Ce qui pourrait être un rassemblement familial classique, avec ses disputes et ses révélations inévitables, est d’emblée présenté sous le jour tragique, car le récit commence quasiment par la fin. C’est un schéma qui a fait ses preuves en littérature : ouvrir sur un drame puis nous donner peu à peu les clés pour comprendre comment on en est arrivé là (l’un des plus brillants exemples du genre reste Le complexe d’Eden Bellwether).

S’il faut attendre la moitié du volume pour que l’explicitation soit totale, il suffit d’un geste un peu étrange, précisément décrit par la narratrice, pour que l’on sente, que l’on sache. Et tout s’obscurcit d’un coup. L’autrice y va, frontalement, sans détours, mais non sans poésie quelque fois. Elle nous confronte à ce qu’on préférerait ne pas savoir, au loup dans la bergerie, déguisé en gentil. Si la fin cherche un peu trop l’atavisme derrière l’horreur, on aurait préféré essayer de percer l’esprit du coupable, comprendre pourquoi, comment. Mais dans la tête de l’innocente victime, dont les réactions corporelles ponctuent de parenthèses le récit, plus de questions que de réponses.

Ce qui frappe, c’est le contraste entre le secret qui ronge, nocturne, sanglant, puant, et le quotidien ensoleillé, les enfants qui courent essoufflés, les contes qu’on se lit sous la couette, les débats sur les programmes télé à autoriser aux petits. On croirait cela impossible, que le monde continue de tourner quand une telle chose existe. Et pourtant, Chloé reste aussi une grande sœur, une fille, une cousine, une amie, une passionnée de photographie, elle n’est jamais seulement victime.
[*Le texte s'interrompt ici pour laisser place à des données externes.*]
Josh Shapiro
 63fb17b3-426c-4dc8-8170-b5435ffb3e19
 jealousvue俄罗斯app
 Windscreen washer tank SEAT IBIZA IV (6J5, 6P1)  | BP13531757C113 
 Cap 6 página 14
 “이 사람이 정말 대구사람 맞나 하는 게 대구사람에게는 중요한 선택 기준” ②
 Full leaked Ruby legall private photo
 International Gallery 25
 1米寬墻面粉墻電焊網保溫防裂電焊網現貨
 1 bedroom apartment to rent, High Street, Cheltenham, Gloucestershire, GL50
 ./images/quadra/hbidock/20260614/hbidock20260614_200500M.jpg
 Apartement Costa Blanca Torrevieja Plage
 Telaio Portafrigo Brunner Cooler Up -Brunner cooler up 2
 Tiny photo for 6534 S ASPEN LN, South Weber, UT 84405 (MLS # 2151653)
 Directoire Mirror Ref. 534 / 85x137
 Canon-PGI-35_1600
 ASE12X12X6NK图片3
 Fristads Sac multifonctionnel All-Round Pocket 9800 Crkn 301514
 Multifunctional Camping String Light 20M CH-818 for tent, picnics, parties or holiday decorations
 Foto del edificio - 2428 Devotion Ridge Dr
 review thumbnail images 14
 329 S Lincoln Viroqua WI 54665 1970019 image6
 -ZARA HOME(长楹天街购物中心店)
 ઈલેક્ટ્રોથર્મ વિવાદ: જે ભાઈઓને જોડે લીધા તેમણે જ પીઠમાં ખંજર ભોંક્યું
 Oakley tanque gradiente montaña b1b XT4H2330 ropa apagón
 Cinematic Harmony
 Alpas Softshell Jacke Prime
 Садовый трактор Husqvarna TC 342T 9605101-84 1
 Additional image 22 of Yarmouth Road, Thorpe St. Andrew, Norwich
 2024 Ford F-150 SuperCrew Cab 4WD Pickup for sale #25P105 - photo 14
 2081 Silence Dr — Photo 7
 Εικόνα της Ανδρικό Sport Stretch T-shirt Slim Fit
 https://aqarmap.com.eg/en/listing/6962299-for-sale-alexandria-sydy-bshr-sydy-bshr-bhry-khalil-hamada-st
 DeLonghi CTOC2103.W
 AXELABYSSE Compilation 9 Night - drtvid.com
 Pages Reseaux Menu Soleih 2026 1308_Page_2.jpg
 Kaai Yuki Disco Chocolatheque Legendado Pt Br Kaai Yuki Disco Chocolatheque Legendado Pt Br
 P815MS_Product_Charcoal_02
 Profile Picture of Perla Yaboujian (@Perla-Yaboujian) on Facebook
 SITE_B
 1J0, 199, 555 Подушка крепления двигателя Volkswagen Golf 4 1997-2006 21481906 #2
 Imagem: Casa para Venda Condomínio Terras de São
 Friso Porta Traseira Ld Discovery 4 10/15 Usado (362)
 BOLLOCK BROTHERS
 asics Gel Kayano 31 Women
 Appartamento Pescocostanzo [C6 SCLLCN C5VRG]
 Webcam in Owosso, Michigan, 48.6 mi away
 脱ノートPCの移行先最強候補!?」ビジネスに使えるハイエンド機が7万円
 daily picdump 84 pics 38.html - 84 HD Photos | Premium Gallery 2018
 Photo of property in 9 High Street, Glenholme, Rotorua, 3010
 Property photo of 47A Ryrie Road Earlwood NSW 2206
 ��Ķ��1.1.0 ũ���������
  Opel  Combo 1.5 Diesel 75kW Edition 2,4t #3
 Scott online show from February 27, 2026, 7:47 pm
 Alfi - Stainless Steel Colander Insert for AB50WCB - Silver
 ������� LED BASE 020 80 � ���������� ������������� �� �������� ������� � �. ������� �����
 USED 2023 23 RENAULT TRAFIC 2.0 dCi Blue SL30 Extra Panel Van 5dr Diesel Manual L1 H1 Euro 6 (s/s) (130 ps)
On peut s’interroger sur les conclusions du roman : était-ce trop simple de résoudre le problème majeur de cette façon certes spectaculaire, mais rare ? Quelles pistes l’intrigue pourrait-elle offrir aux personnes rencontrant une situation proche de celle de la protagoniste ? Certes, un roman n’a pas vocation didactique. Et si l’on n’est pas pleinement satisfait par cette clôture, il reste toujours le magnifique travail d’atmosphère intérieure exécuté avec brio par cette autrice à suivre.